The secret key to highly successful – meaning, highly profitable – fundraising events isn’t ticket sales.
And sponsorships should, ideally, account for half the revenue you raise from an event.
Sponsors are often businesses or major donors that usually receive some list of benefits for financially supporting your event in a big way: private meet-and-greet/photo op with speaker/headliner, listing in event program, free tickets/tables, VIP seating, recognition from the stage, etc.
So how do you find sponsors? Well, the best way is to create a “host committee.”
A host committee is different from a volunteer committee, which is established to handle all the logistics of putting on an event. A host committee should focus on one thing and one thing only: raising money.
Ideally, host committee members should themselves make a large enough donation to the event to qualify as a sponsor. But it’s OK to include and recognize individuals as members of the host committee providing they do, in fact, sell a bunch of tickets and/or find, solicit and get sponsors.
Putting someone’s name on your host committee just to have a “big name” on your host committee without that person doing what a host committee member is supposed to do – raise money! – is of very little value (except to the ego of the individual you’ve listed as being on your host committee even though they didn’t contribute or raise any money).
Now, when it comes to businesses – *IF* your state allows corporate sponsorships (check and be sure!) – there are two things to keep in mind…
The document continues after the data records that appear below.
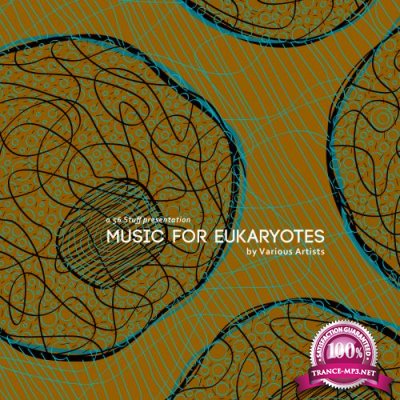 Music for Eukaryotes (2018)
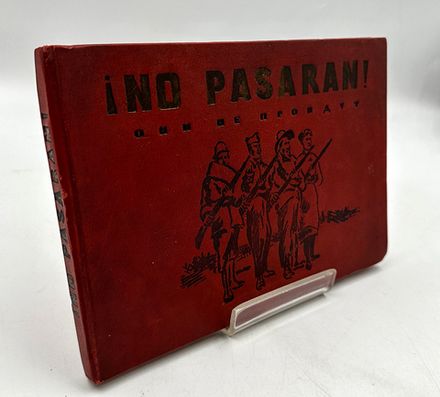 No Pasaran! Они не пройдут! Фотоальбом.  Москва. Издательство Молодая гвардия, 1937 г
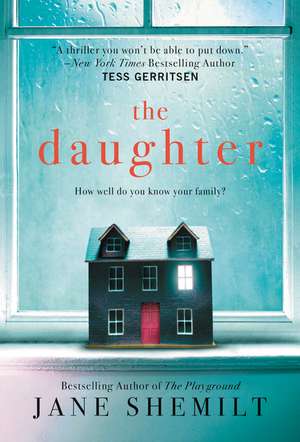 The Daughter: A Novel de Jane Shemilt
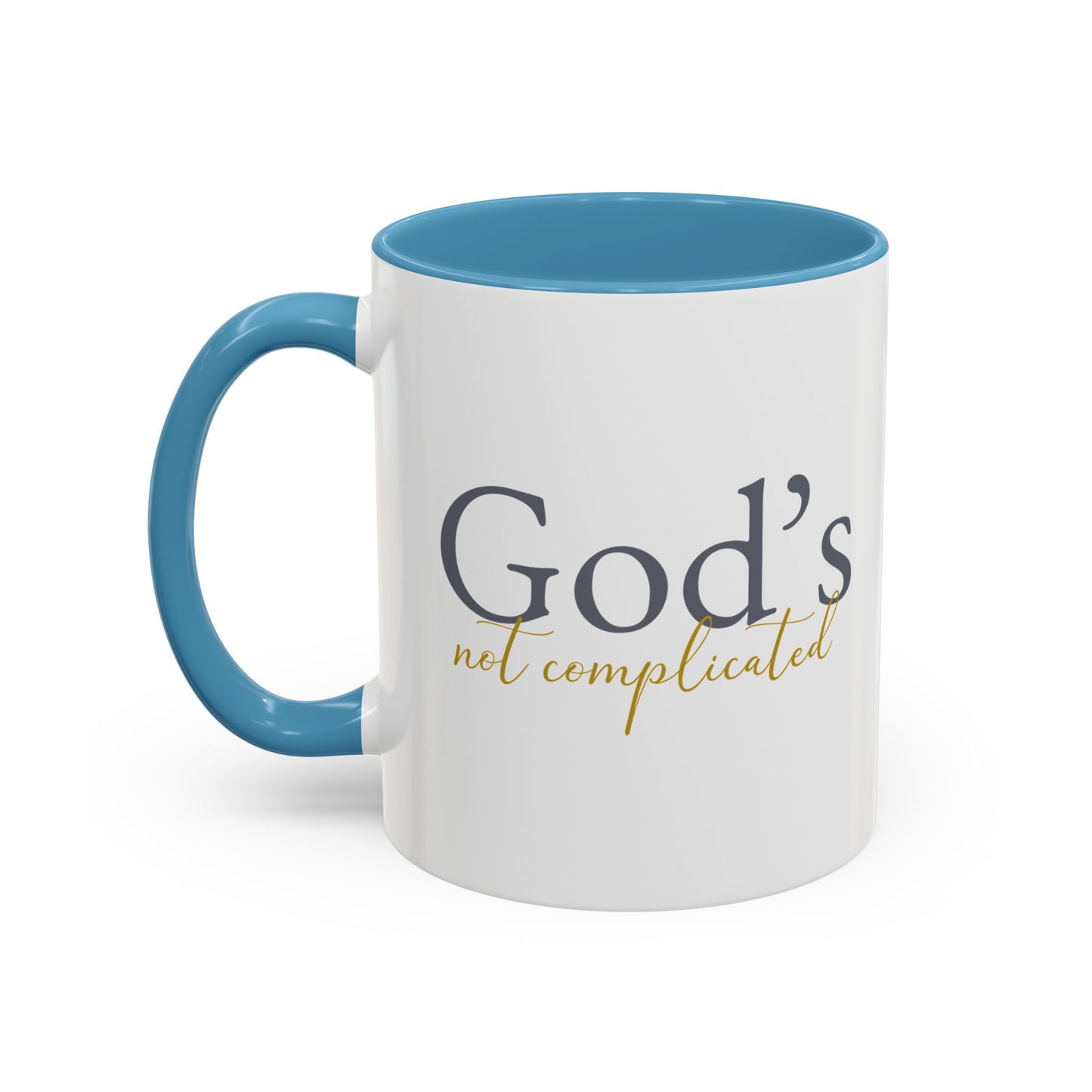 God's Not Complicated Accent Coffee Mug - Inspirational 11oz & 15oz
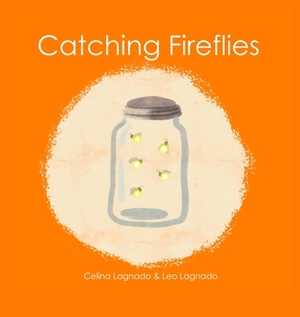 Catching Fireflies by Leo Lagnado, Celina Lagnado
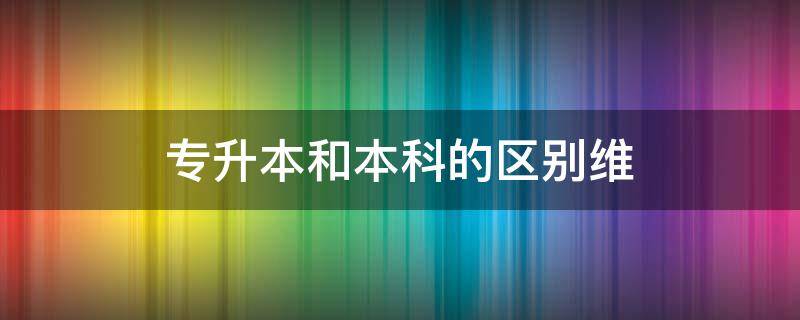 专升本和本科的区别维 专升本和读本科有什么区别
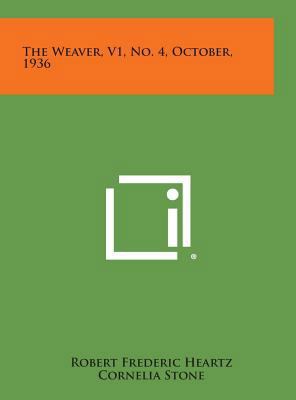 The Weaver, V1, No. 4, October, 1936 1258752433 Book Cover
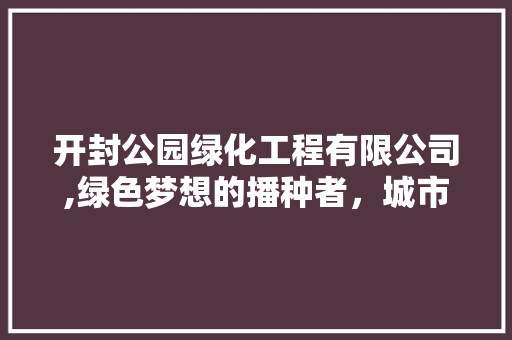 开封公园绿化工程有限公司,绿色梦想的播种者，城市绿化的守护者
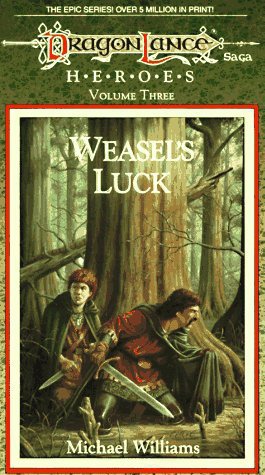 Williams, Michael - Dragonlance Heroes Book 03 - Weasel's Luck
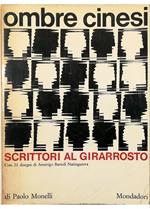 Ombre cinesi Scrittori al girarrosto Con 21 disegni di Amerigo Bartoli Natinguerra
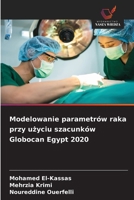 Modelowanie parametrów raka przy uzyciu szacunków Globocan Egypt 2020 (Polish Edition) 6209894887 Book Cover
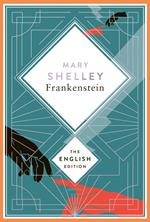 Shelley - Frankenstein, or the Modern Prometheus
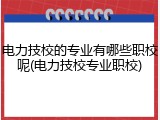 电力技校的专业有哪些职校呢(电力技校专业职校)
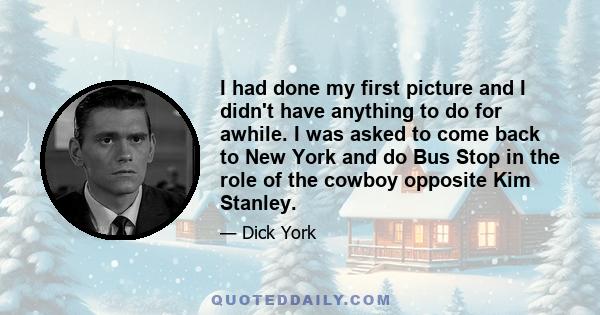 I had done my first picture and I didn't have anything to do for awhile. I was asked to come back to New York and do Bus Stop in the role of the cowboy opposite Kim Stanley.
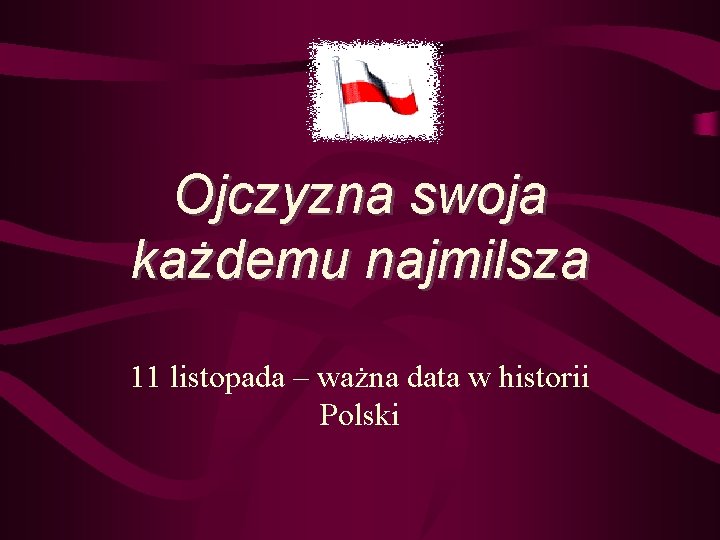 Ojczyzna swoja każdemu najmilsza 11 listopada – ważna data w historii Polski 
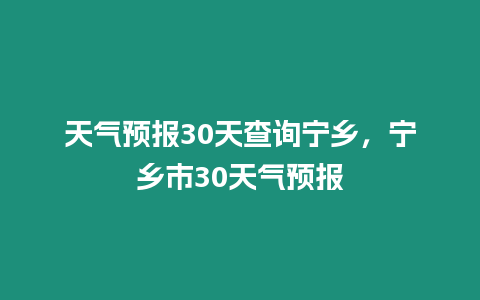 天氣預(yù)報(bào)30天查詢寧鄉(xiāng)，寧鄉(xiāng)市30天氣預(yù)報(bào)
1.) Some businesses sponsor political events from funds set aside for political campaigns or causes. Sometimes that money comes from a PAC (political action committee).
2.) Others may sponsor events out of their advertising budget if, in fact, the business gets legitimate advertising exposure from the sponsorship.
Keep this in mind. Regardless of what cookie jar the money comes from in the business, it spends the same for your campaign or organization. You don’t really care. Just make sure you explain the two options to businesses you approach and let them make the decision that’s best for them.
And never forget: It’s funD-raising, no fun-raising. The “D” stands for dollars.